Wedding Wednesday – James William Woods and Darnella Turner

Darnella Turner is my 1st cousin 2x removed. Her parents are Alexander Turner and Jane Alice Brotherton. Our common ancestors are Thomas Turner and Mary Jane Carradice – my 2x great grandparents.

Darnella was born on 7 September 1915 in Clitheroe, Lancashire.

On 18 September 1937 Darnella married James William Woods at Mount Zion Chapel, Clitheroe. The wedding was announced in the Clitheroe Advertiser and Times on Friday 24 September 1937 (image from

Darnella Turner & James William Woods - CAT 24 September 1937.png


At Mount Zion Chapel, Clitheroe, on Saturday, much interest was taken in the marriage of James William Woods, only son of Mr. and Mrs. Woods, of 26 Longworth Road, Billington, and Miss Darnella Turner, 20 Whipp Avenue, Clitheroe.
The bride who was given away by her brother, Mr. J. Turner, wore a royal blue dress, with hat and shoes to tone, and a spray of pink carnations. Miss G. Turner was bridesmaid and she was attired in an air-force blue dress with hat and shoes to tone, and had a spray of pink carnations.
Mr. William Turner carried out the duties of best man and Mr. Reginald Davies was groomsman. Mr. J. H. Shaw officiated, and after the ceremony a reception was held at the bride’s home. The presents included gifts from operatives at Sun Street mill and S. Longworth and Sons, Ltd., Whalley.

Wedding Wednesday – Frank Price and Audrey Veronica Peters

Frank Price is my 1st cousin 1x removed. His parents are Edward Price and Leah Musgrove. Our common ancestors are Joseph Musgrove and Elizabeth Ann Turner – my great grandparents.

Frank was born on 27 March 1925 in Clitheroe, Lancashire.

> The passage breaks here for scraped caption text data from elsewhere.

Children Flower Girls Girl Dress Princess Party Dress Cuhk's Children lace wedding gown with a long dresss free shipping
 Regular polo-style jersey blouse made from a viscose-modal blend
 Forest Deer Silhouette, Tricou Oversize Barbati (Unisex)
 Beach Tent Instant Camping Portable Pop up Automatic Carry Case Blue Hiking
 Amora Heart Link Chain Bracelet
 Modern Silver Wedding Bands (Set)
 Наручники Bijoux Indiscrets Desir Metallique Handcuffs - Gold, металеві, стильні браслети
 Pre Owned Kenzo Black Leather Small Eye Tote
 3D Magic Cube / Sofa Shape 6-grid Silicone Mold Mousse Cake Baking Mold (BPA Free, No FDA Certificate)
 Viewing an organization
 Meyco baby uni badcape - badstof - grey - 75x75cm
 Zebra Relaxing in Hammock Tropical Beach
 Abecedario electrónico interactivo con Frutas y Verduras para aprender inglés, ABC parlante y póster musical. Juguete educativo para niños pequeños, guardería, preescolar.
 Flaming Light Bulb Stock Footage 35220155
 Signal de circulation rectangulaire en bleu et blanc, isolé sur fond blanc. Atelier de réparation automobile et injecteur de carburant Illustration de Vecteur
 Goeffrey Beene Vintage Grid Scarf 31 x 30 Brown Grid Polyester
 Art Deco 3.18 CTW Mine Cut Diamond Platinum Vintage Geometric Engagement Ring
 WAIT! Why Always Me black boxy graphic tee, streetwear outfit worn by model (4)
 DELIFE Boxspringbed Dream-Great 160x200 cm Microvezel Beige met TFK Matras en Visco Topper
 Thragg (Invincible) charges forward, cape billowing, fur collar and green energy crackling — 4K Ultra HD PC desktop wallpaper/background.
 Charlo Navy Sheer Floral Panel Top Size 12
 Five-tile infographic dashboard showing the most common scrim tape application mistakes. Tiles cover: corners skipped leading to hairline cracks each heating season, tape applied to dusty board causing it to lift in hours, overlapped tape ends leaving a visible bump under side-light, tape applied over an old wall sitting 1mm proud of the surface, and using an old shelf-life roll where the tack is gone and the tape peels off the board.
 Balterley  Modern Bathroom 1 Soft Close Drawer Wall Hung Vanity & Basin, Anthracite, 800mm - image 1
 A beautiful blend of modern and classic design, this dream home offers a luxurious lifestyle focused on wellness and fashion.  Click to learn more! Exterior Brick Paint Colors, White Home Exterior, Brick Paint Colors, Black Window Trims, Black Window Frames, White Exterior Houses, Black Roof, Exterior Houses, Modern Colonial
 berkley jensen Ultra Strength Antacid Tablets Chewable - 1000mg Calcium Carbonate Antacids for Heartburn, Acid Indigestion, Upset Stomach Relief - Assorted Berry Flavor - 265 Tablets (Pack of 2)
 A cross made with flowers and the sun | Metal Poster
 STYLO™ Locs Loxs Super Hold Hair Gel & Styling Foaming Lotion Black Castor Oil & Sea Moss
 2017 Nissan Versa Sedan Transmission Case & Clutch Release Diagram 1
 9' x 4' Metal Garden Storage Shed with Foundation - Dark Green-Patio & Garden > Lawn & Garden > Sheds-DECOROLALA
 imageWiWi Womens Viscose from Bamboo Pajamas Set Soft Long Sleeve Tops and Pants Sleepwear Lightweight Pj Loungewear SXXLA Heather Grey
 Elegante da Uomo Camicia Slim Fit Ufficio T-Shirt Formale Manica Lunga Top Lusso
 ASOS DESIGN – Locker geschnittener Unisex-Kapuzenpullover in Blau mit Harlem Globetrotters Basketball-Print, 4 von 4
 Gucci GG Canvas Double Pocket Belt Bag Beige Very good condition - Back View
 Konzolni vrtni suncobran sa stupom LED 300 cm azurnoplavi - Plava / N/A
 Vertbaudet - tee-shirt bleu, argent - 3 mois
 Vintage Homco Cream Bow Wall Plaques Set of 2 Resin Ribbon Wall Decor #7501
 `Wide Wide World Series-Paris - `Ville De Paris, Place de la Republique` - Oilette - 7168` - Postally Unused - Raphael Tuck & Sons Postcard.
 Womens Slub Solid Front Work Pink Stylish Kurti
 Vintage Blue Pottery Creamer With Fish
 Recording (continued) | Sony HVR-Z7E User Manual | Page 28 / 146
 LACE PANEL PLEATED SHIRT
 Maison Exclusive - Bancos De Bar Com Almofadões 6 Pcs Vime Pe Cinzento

On 27 December 1947 Franck married Audrey Veronica Peters at St. Leonard’s Church, Langho, Lancashire. Details of the wedding were published in the Clitheroe Advertiser and Times on Friday 2 January 1948 (image from

Frank Price & Audrey Veronica Peters - CAT 2 January 1948.png


At St. Leonard’s Church, Langho, on Saturday, the Rev. H. Townsend performed the marriage of Miss Audrey Veronica Peters, youngest daughter of Mr. and Mrs. S. Peters, Sunnyside Avenue, Billington, and Mr. Frank Price, eldest son of Mr. and Mrs. E. Price, 24 Larkhill Cottages, Langho.
Given away by her father the bride wore a gown of white crepe satin, with train, her full-length veil being held in place by a coronet of orange blossom. She carried a bouquet of anemones.
Miss Annie Peters, sister of the bride, and Miss Ruth Garrett, friend of the bride, were bridesmaids; the former being attired in pale pink crepe-de-chine, and the latter in dusky pink crepe-de-chine. Both carried silver muffs and had haloes to match.
Miss Barbara Price, sister of the groom, was a small attendant, and wore a full-length dress of pale-blue satin, with matching Juliet cap, and carried a silver muff.
Mr. W. Procter acted as best man, and Messrs. W. Peters and G. Price were groomsmen.
The hymns “The voice that breath’d” and “Lead us heavenly Father” were sung. Mr. D. H. Stiff being at the organ.
After a reception at the Black Bull Hotel, Old Langho, the newly-married couple left for a their honeymoon, the bride travelling in a rust brown dress and tweed coat, with accessories to tone.
Wedding gifts included a set of cutlery from the bride’s colleagues on the office staff of Messrs. Rd. Briggs and Sons, Ltd., Bankfield Works, Clitheroe; and a set of carvers from the bridegroom’s friends at the Lancashire War Agriculture Department, Ribchester.
Mr. and Mrs. Price will make their home at Sunnyside Avenue, Billington.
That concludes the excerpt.